[PATCH] D91595: [Debugify] Support checking Machine IR debug info

Fri Nov 20 00:53:31 PST 2020

djtodoro added inline comments.

================
Comment at: llvm/lib/CodeGen/MachineCheckDebug.cpp:58
+        for (MachineInstr &MI : MBB) {
+          if (!MI.isDebugValue())
+            continue;
----------------
xiangzhangllvm wrote:
> jmorse wrote:
> > djtodoro wrote:
> > > xiangzhangllvm wrote:
> > > > xiangzhangllvm wrote:
> > > > > djtodoro wrote:
> > > > > > I think we should do this for finding missing variables; but for the checking of missing lines we should check more machine instructions (especially the instrs other than debug ones), right? Any reason we shouldn't do that?
> > > > > > 
> > > > > > Please check the `checkDebugifyMetadata()` (from Debugify.cpp) how it was done.
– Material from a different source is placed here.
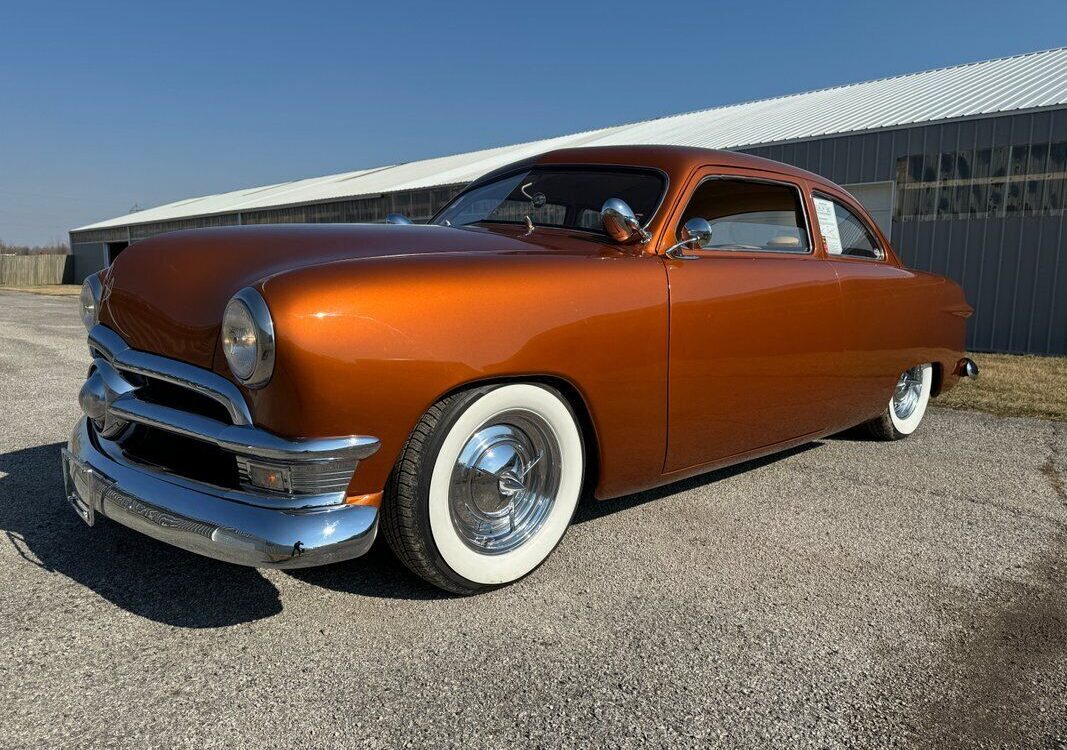 Ford-Custom-1950-4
> > > > > Because the MirDebugify will generate DBG_VALUE for every MIRs, all these MIRs' debug location will be saved in these generated DBG_VALUEs. So here we just need to check the line info in these DBG_VALUEs. It is also ok the check the non_debug MIR again, but it is duplicated.
> > > > Hi, @djtodoro 
> > > > Say it is "duplicated" may not accurate, here we only check the debug location in DBG_VALUE MIRs is more strict than check both of them. Because the optimizations may change/update the value of DBG_VALUE (its 1st operand), but they shouldn't change/remove the location info of it. And directly remove a DBG_VALUE should always report warning.
> > > On the IR level, debugify utility pass can tell us: //there is an instruction `I` with empty DebugLoc// after a pass. How it works: before a pass, it attaches synthetic dbg loc onto each IR instruction, and after the pass it checks if it preserved the dbg loc.
> > > 
> > > Can we do the same for MIR Debugify? For example: the mir-debugify attaches a dbgLoc on an MI (non debug one), and then the mir-check-debigify checks if a pass preserved that dbg location? Is it even possible at MIR level?
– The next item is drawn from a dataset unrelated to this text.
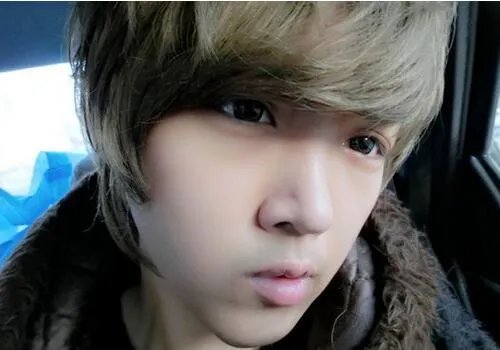 2013快乐男声张毅涵照片曝光  风口浪尖的小鲜肉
> > I agree with Djordje, the line numbers attached to DBG_VALUE instructions are of little interest and never reach an output file, it's the non-meta instructions that are the subject of optimisations, and thus should be the target of line number checkers.
> Hello @jmorse  @djtodoro, first thanks for your comments, I was thinking about it before, and it is nice discuss with you now:
> **What we really want (MIR/IR)check-debug doing for us** ?
> Take (IR)check-debug for e.g. 
> In my eyes, we use check-debug to check if the optimizations **incorrectly** optimized the debug info of IRs. Right?
> Some optimizations may **correctly** optimized the IRs by removing them with carefully handling its debug info. (e.g. --instsimplify), for these cases, I think, check-debug should not report WARNING messages out.
> 
> Take llvm lit test llvm/test/DebugInfo/debugify.ll for e.g.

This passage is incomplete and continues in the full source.